Exercise brief ▸
Would you give the listing back word for word once its pictures are removed?

Given material ▸
★ ★ ★ ★ ★ ★ ★

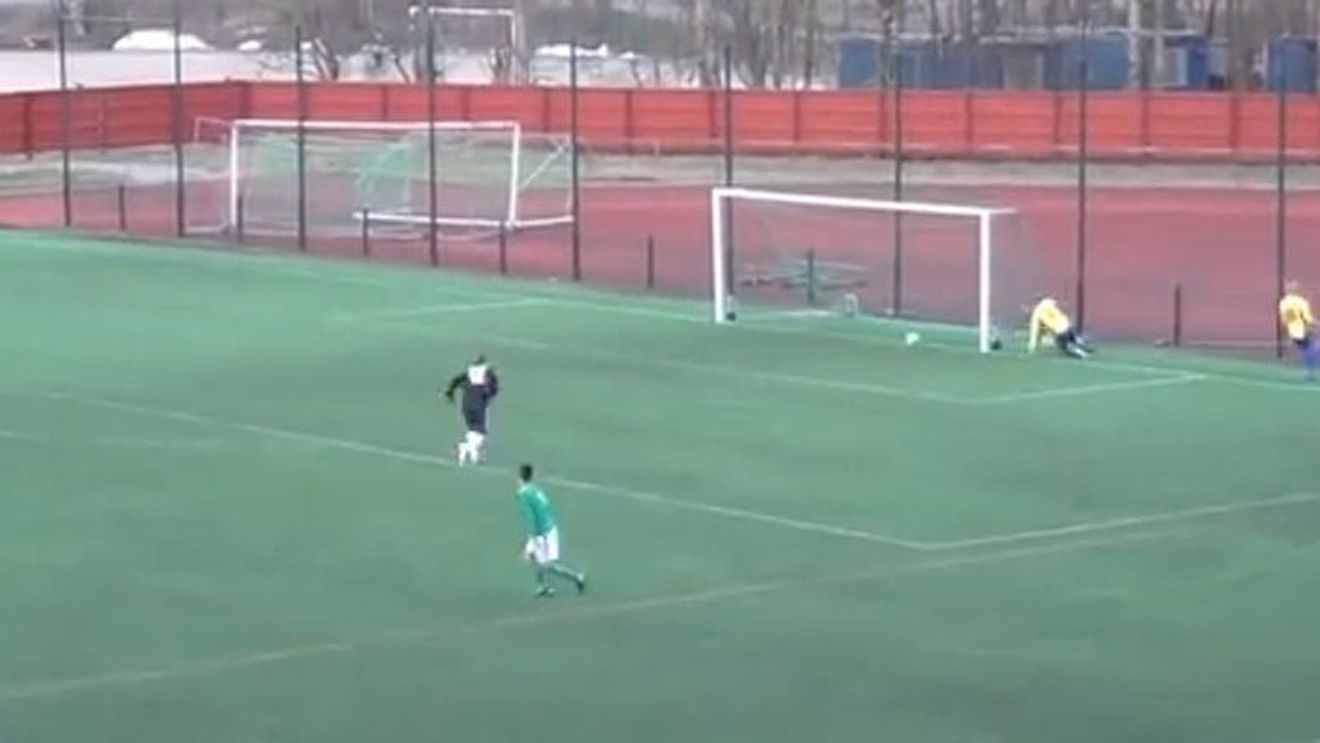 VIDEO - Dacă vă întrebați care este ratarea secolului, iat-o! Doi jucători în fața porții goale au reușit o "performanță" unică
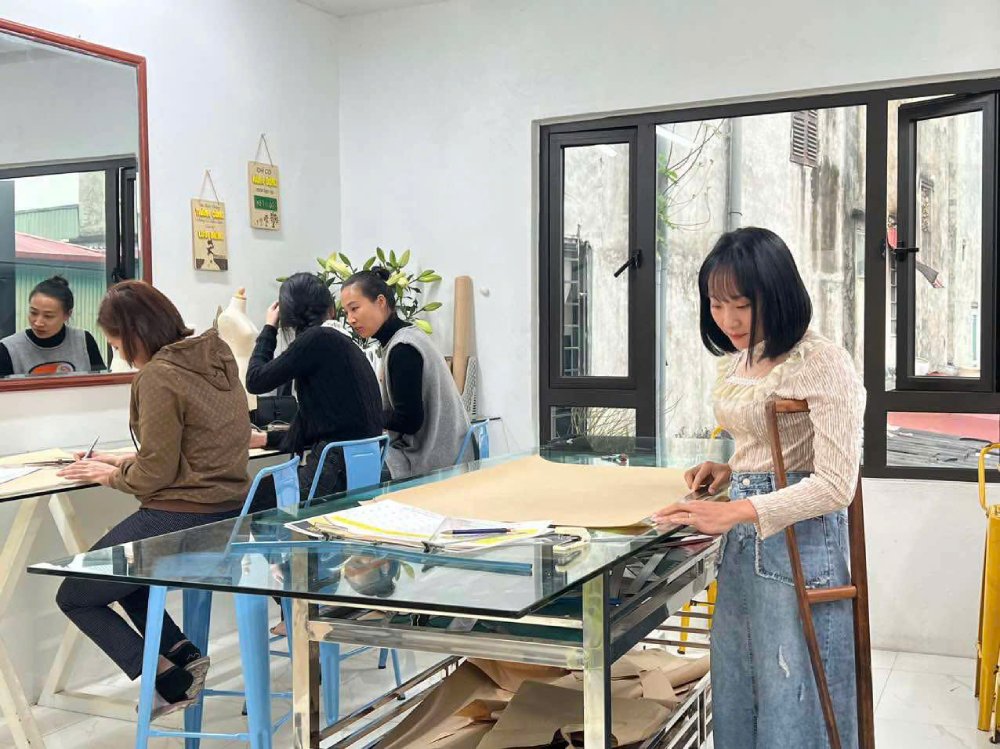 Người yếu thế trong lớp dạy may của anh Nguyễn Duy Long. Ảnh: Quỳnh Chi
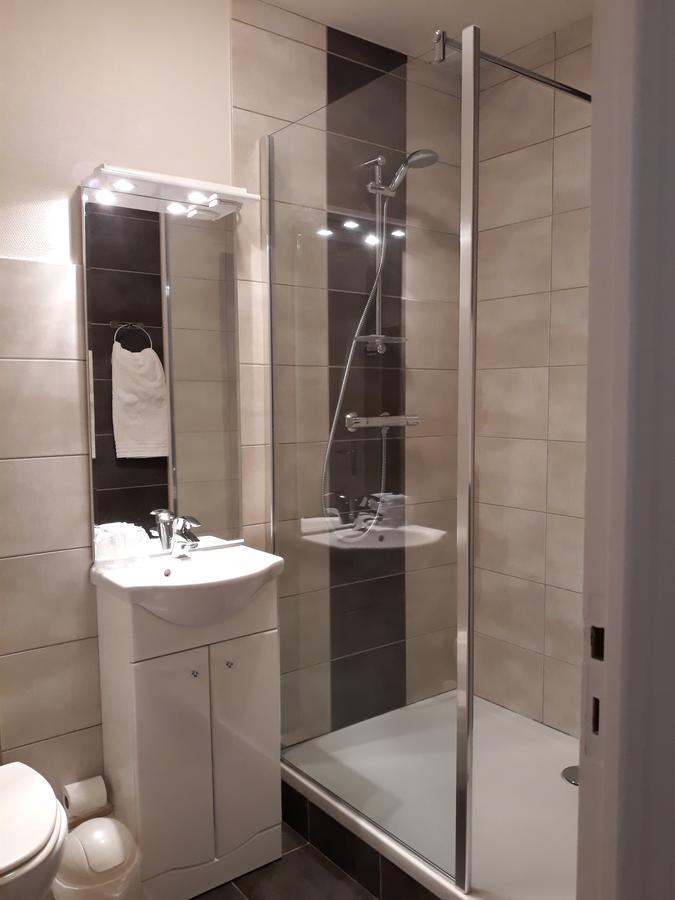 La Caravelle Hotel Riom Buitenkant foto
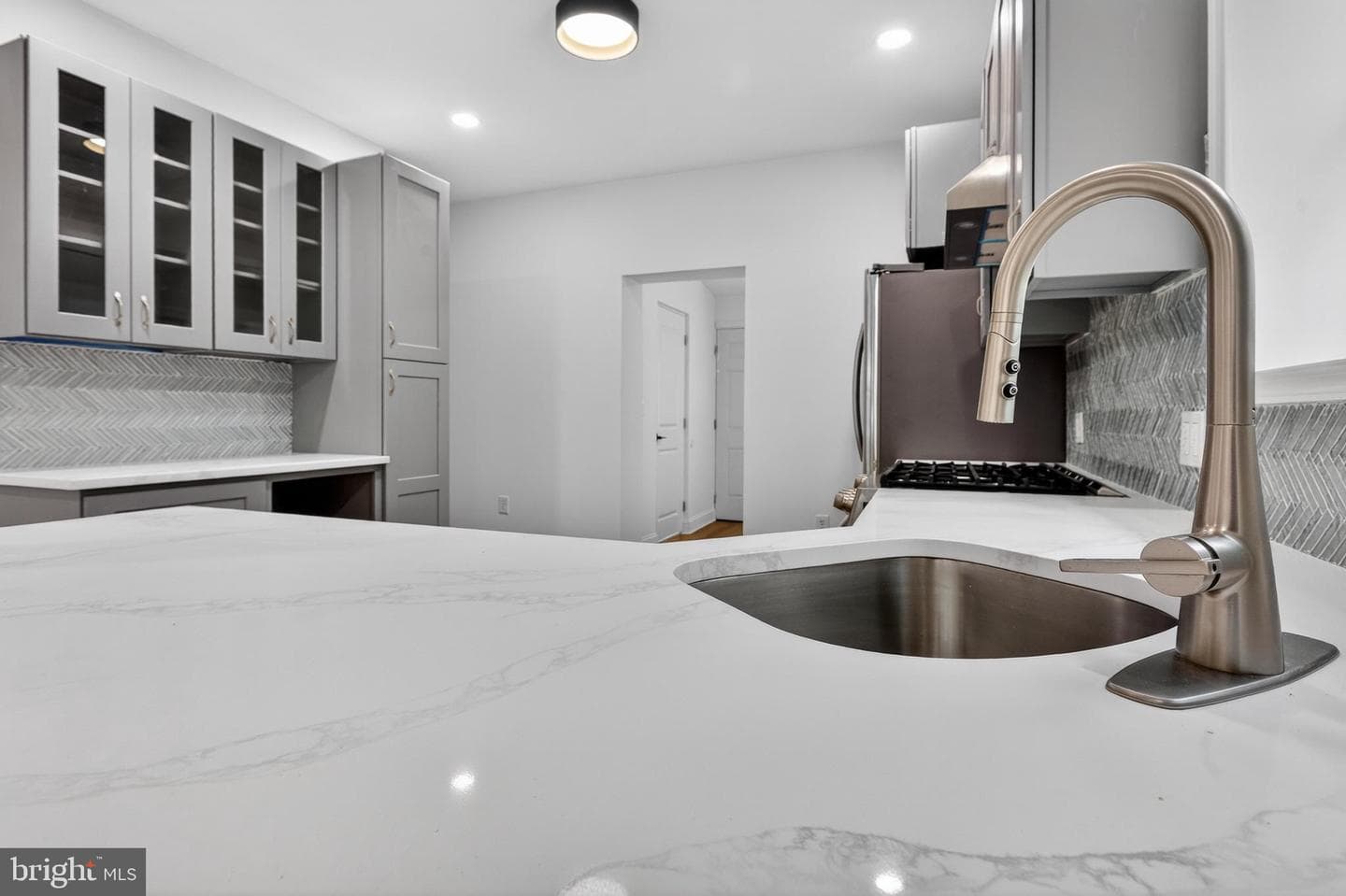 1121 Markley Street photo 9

★ ★ ★ ★ ★ ★ ★

Answer to this problem ▸
 VIDEO - Dacă vă întrebați care este ratarea secolului, iat-o! Doi jucători în fața porții goale au reușit o "performanță" unică
 Người yếu thế trong lớp dạy may của anh Nguyễn Duy Long. Ảnh: Quỳnh Chi
 La Caravelle Hotel Riom Buitenkant foto
 1121 Markley Street photo 9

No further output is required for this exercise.